By the way, we had a little audio technical malfunction here the last couple of days. The speakers here in the studio did not mute when the mic went on, so your yelling and screaming at me was heard by the audience. A little off mic, put they still heard it. It was G-rated, but I got a number of e-mails, "Somebody is actually talking to you. I thought you were just doing that for artistic, creative reasons." (interruption) What do you want now? What's the question? Hm-hm. Hm-hm. The question Mr. Snerdley is asking, cannot Republicans in the House and Senate during a McCain presidency, can't they go be mavericks and disagree with the president and oppose what he wants to do? How many have done it via President Bush? McCain's been the only maverick. In the House they gotta run every two years, and if you start criticizing and attacking your president, then the RNC is going to call you up and say, "You want some help with your reelection campaign? You want some campaign contributions from outside your district?" You know, the party loyalty thing is very, very difficult. This is why I contend to you, this is why the Republicans in the House took the heat for not being conservative enough, it was McCain who was the one that was not conservative. He got away with it. He didn't pay a price for his maverickism.

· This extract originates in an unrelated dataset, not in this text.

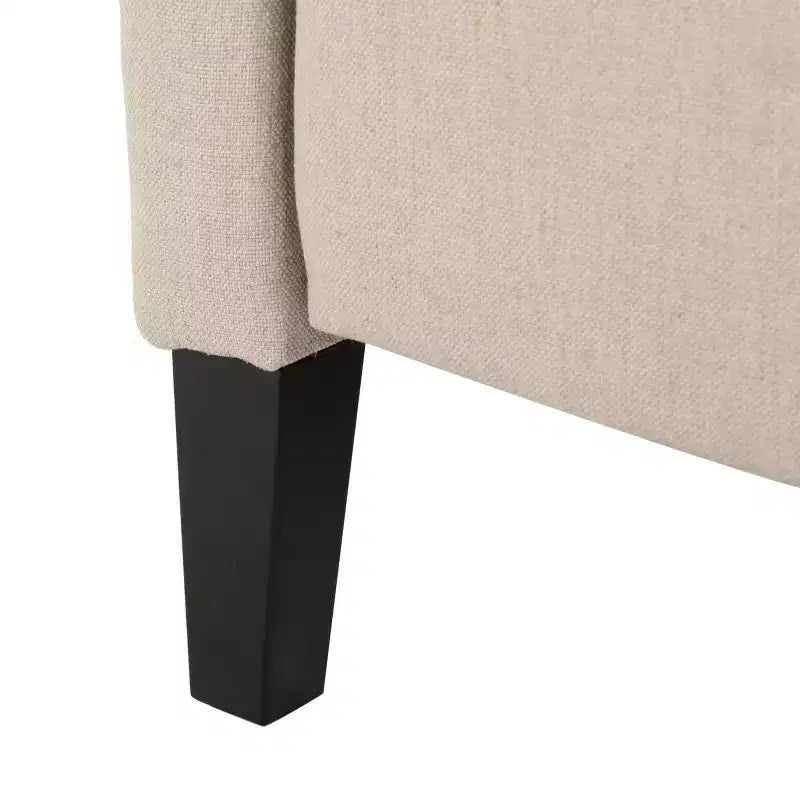 GDFStudio Weyland Contemporary Fabric Wingback Pushback Recliner with Nailhead Accents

The Republicans in the House had to go along with the White House, just the way things are, they take the heat for not being conservative enough. "They didn't do what they said they were going to do when we elected them. They didn't govern as conservatives." Well, they had a Republican president not as conservative as they were and they had to fall in line with party loyalty. Besides, what do you think President McCain would do with a series or a number of maverick Republicans in the Congress? Try to crush 'em like bugs. He'd make even more deals with the Democrats just to embarrass them and make 'em look like even more marginalized losers and so forth. Folks, it's done. I'm not saying vote against McCain, none of that. I'm not saying vote Hillary. Don't misconstrue what I'm saying. I'm just telling you, if, if, if McCain happens to beat Hillary, becomes president, I just want you to know what I said today, because you have to keep in mind you're going to feel frosted and mad about a year from now, maybe 14 months from now.